Fortune Summoners: Secret of the Elemental Stone (フォーチュンサモナーズ ～アルチェの精霊石～, Fōchun Samonāzu ~Aruche no Seirei Seki~) is a 2D side-scrolling action role-playing video game. The player takes the role of a sword-wielding girl named Arche who wants to learn magic.

==Gameplay==

"Gameplay in Fortune Summoners consists of side-scrolling action, with you in control of one of three party members and the computer controlling the other two (with highly customizable AI dictating their actions). You will explore towns, delve dungeons, climb towers and, just maybe, find Arche a snack or two. Combat is different depending on who you control - Arche, being a swords-girl, controls in a fashion similar to a character from a brawler or fighting game, with many special moves tied to button combos. Sana and Stella, her companions, rely more on their varied selection of spells to see them through a fight - spells that rain ice down on enemies, make mirror images of friends, or set the ground ablaze!"

==Plot==
Arche Plumfield, a young girl moves to the town of Tonkiness with her parents and enrolls in the local magic school. However, she soon finds out that in order to perform magic she needs the power of an elemental stone.

==Characters==
- Arche Plumfield (アルチェ プラムフィールド): The player character.
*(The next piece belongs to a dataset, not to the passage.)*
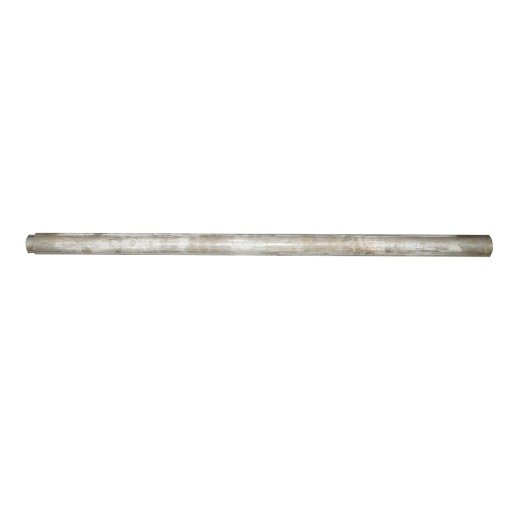 Set teava lamaie cardan seria L2 T2S exterior 48x41 si interior 40,1x34,5 cruce 23,8x61,3 L=1m - Img 3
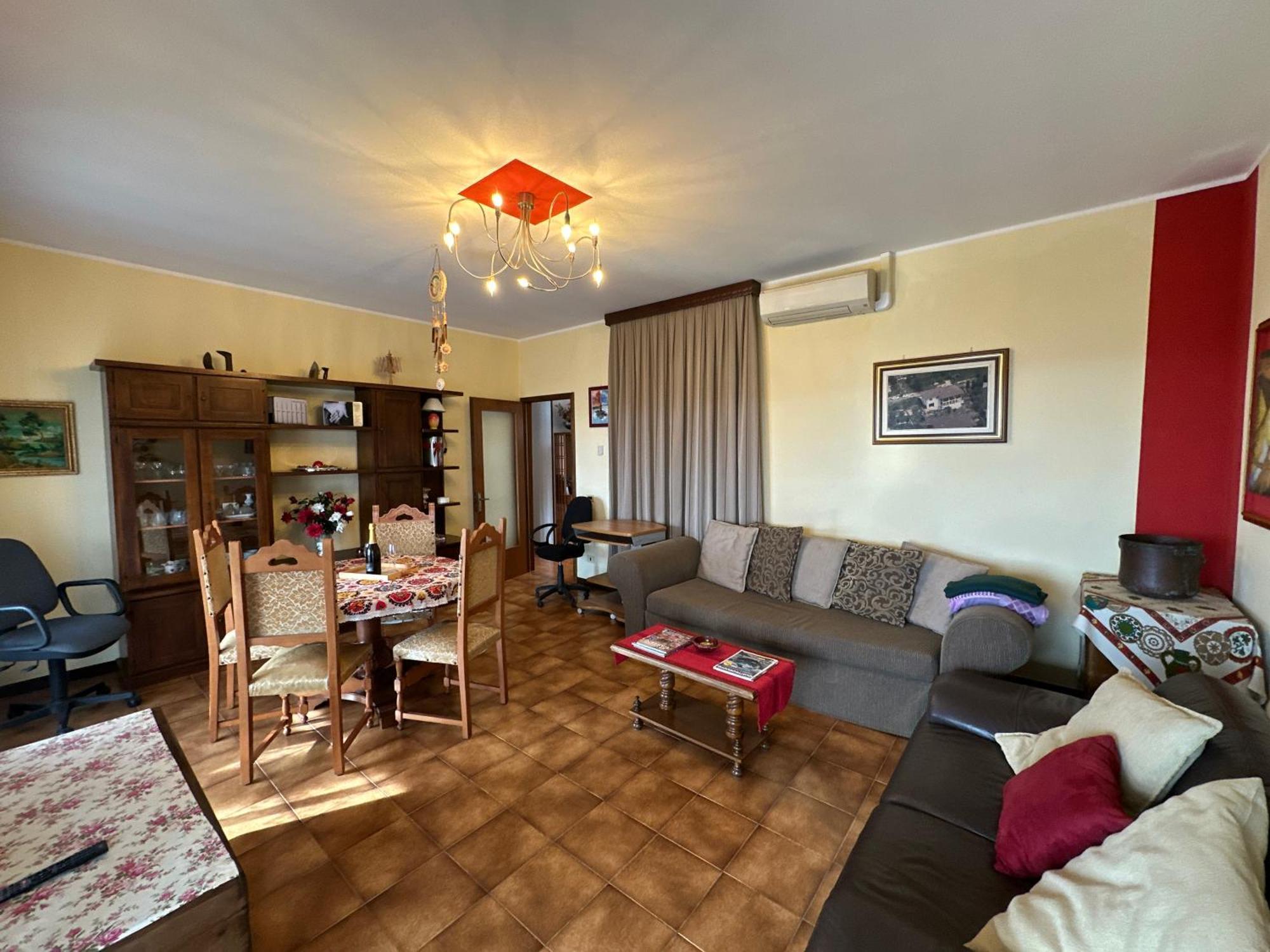 Casa Anna Villa Caprino Veronese Eksteriør billede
Cheerful and honest. Uses a short sword to fight.
- Sana Poanet (サナ ポアネット): A shy girl who uses water magic.
- Stella Mayberk (ステラ メイベルク): A haughty girl who uses fire magic.

==Release==
Fortune Summoners was originally released by the Japanese dōjin soft group Lizsoft in 2008. A 2009 re-release offered graphical improvements, additional voice acting, and other added content. Carpe Fulgur localized the 2008 version for an English release in 2012.

==Reception==
In the West, Fortune Summoners received mixed reviews from critics. Sam Marchello of RPGamer scored it 1.5 out of 5, calling the game "a repetitive nightmare" with "poorly designed dungeons and neverending cutscenes filled with trite dialogue." Francisco Acosta, writing for MeriStation, said that "For lovers of titles like Ghosts'n Goblins, Zelda II or Wonder Boy, Fortune Summoners is nothing short of essential, but we must bear in mind its limitations."

Metacritic: 60/100

==Censorship Controversy==
For audiences outside Japan, the game developers censored a hot springs scene. This change caused some degree of controversy, though the change was self-made and was not done specifically to comply with any laws.